ATLANTA - The House on Tuesday overwhelmingly approved legislation thrown out by a recent Georgia Supreme Court decision that would reinstate residency restrictions on sex offenders.
The bill, which passed 141-29 and now moves to the Senate, would prohibit registered sex offenders from living or working within 1,000 feet of a number of places children tend to gather, including schools, churches, parks and day care centers.
The General Assembly first adopted those restrictions, considered among the toughest in the nation, two years ago. House Republican leaders introduced the 2006 measure and made it one of their top priorities for that session.
But the state Supreme Court ruled in November the restrictions violate the property rights of sex offenders in compliance with the law at the time they bought their home, only to have one of the restricted establishments move into their neighborhood later.
This year's bill would exempt homeowners in such situations while continuing to make renters subject to the law.
"We have tried to respond in a very specific and focused way to the concerns the court had," said Rep. David Ralston, R-Blue Ridge, chairman of the House Judiciary Committee with jurisdiction over criminal law.
But opponents said treating sex offenders who own their own homes and those who rent in a different way would open another legal can of worms that would render the new law subject to another lawsuit.
"The court has awarded property rights to renters in previous case law," said Rep. Mary Margaret Oliver, D-Decatur. "We'll be back again and again on (this) issue."

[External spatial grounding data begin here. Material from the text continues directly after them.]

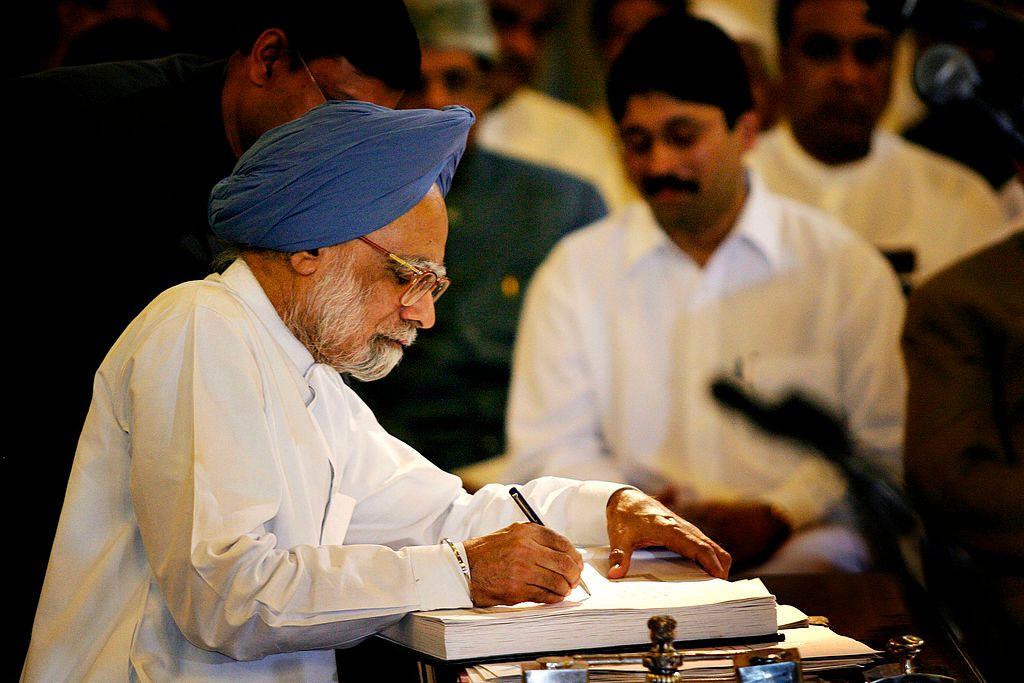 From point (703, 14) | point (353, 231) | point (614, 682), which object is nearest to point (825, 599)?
point (614, 682)

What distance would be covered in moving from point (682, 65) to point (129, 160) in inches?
99.0

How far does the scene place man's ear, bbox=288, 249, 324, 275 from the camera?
2.19 meters

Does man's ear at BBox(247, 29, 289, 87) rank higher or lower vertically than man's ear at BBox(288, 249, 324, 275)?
higher

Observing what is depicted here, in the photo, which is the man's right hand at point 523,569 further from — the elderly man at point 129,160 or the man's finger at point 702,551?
the elderly man at point 129,160

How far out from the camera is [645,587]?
6.59 feet

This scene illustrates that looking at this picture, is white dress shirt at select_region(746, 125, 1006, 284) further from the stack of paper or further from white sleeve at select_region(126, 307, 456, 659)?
white sleeve at select_region(126, 307, 456, 659)

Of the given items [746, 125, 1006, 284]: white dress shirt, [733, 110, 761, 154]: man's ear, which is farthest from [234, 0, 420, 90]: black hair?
[746, 125, 1006, 284]: white dress shirt

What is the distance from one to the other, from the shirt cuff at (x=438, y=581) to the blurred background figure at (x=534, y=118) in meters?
3.13

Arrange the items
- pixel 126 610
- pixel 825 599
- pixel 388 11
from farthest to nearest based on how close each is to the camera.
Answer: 1. pixel 388 11
2. pixel 825 599
3. pixel 126 610

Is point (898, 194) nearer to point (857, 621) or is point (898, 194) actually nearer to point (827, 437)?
point (857, 621)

Other critics of the bill argued against the underlying residency restrictions that were a key part of the 2006 legislation.

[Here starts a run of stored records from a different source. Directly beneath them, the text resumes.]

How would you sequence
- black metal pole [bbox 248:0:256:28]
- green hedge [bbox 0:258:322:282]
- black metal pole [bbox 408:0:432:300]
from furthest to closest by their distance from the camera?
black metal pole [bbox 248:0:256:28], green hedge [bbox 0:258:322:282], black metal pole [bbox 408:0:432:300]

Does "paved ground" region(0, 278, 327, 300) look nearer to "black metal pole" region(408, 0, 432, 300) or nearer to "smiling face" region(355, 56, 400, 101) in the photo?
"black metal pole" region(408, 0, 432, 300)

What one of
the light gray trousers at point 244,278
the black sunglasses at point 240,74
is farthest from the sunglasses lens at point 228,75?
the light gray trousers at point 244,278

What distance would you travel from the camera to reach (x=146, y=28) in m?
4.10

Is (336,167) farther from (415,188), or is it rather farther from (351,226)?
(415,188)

Rather than keeping sex offenders away from children, they said the bill would chase sex offenders underground where law enforcement agencies wouldn't be able to keep track of them.
"I'd much rather know where these people are," said Rep. Alisha Thomas Morgan, D-Austell.
Rep. Randal Mangham, D-Decatur, said the bill would force police and sheriff's departments to divert resources from crime fighting to measuring off residences of sex offenders to make sure they're not inside a restricted location.
"We cannot take valuable dollars to make a political statement," he said.
But Ralston said failing to pass the new bill in the aftermath of the court ruling would continue to leave Georgia without residency restrictions other states across the Southeast have adopted.
"I have not had one prosecutor, judge, sheriff, police officer, momma or daddy ask me to repeal these residency requirements for sex offenders," he said. "We are trying to protect our children."